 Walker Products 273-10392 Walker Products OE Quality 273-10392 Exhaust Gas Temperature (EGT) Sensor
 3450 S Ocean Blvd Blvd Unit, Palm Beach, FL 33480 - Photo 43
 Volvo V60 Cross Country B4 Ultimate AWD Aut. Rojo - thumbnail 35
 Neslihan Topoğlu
■ ■ ■
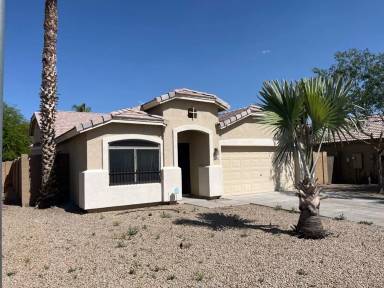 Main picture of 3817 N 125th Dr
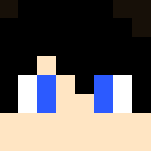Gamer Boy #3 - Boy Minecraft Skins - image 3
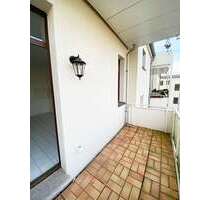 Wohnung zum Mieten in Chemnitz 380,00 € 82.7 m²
■ ■ ■
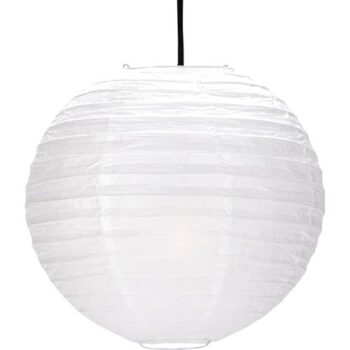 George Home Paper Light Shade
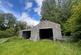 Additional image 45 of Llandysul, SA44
■ ■ ■
Copy out only the lines of the records above from the one with "Walker Products 273-10392" through the one with "Neslihan Topoğlu", exactly as they stand, both included.

RESPONSE TO THE TASK:
 Walker Products 273-10392 Walker Products OE Quality 273-10392 Exhaust Gas Temperature (EGT) Sensor
 3450 S Ocean Blvd Blvd Unit, Palm Beach, FL 33480 - Photo 43
 Volvo V60 Cross Country B4 Ultimate AWD Aut. Rojo - thumbnail 35
 Neslihan Topoğlu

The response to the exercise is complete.